Murtaza: Let’s embrace ‘made in Tanzania’ brand

Murtaza Ebrahim, the Founder and CEO of Imperial Innovations. PHOTO | COURTESY


  • While many still operate under the notion that to do something, one needs a specific type of education to guide them in navigating that field, Murtaza is proof that sheer will, dedication, hard work, and patience are equally as powerful

Dar es Salaam. Whenever there is talk of technology, chances are we are focused on software, accelerator programmes, and even more talk of the ideal tech sector.

This inescapable voice eventually drowns out what is really needed - doers.

A few years back, a young, eccentric, and curious-minded young man learned the hard way that if he were to break through in this cut-throat industry, he needed to shift from looking for opportunities to boldly carving out a path for himself.

Murtaza Ebrahim, the Founder and CEO of Imperial Innovations, explained why the mindset that many youth have in the tech sector—that you need to move in tech circles or take part in accelerator programmes, hubs, or hackathons in order to be recognised, make it, and have an impact—is a major setback for their growth and the growth of the sector as a whole.

“That is not really innovation or the ecosystem that should be existing. Many who have made it have not really been part of the circle,” he says. “A local example would be Magila, who was never really part of the circle yet focused on building.”

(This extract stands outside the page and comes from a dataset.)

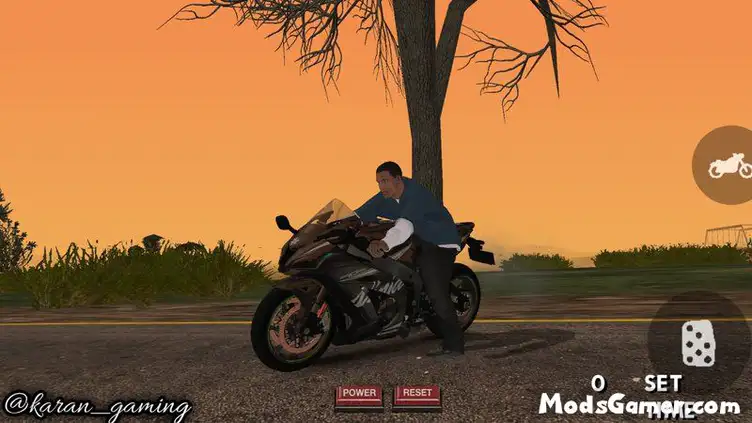 Get popular Android mod games | PlayMods.net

Murtaza founded and built Imperial Innovations from the ground up, and he has been at the forefront of pioneering locally built, coded, and manufactured technology.

“The idea began in 2016. I had started my marketing agency in 2014/2015 and saw that the market was very competitive, such that you couldn’t penetrate the top tier of clientele and execute a marketing campaign for them,” says Murtaza.

“As a result, I decided to find a unique selling point and went on to travel to India, the Middle East, and China, amongst others, to see what they were doing in their spaces. I came back with ideas and began pitching them.”

He explains that one of the biggest drives he had was his repulsion toward how women are exploited just to make sales, and this was something he seriously wanted to see change.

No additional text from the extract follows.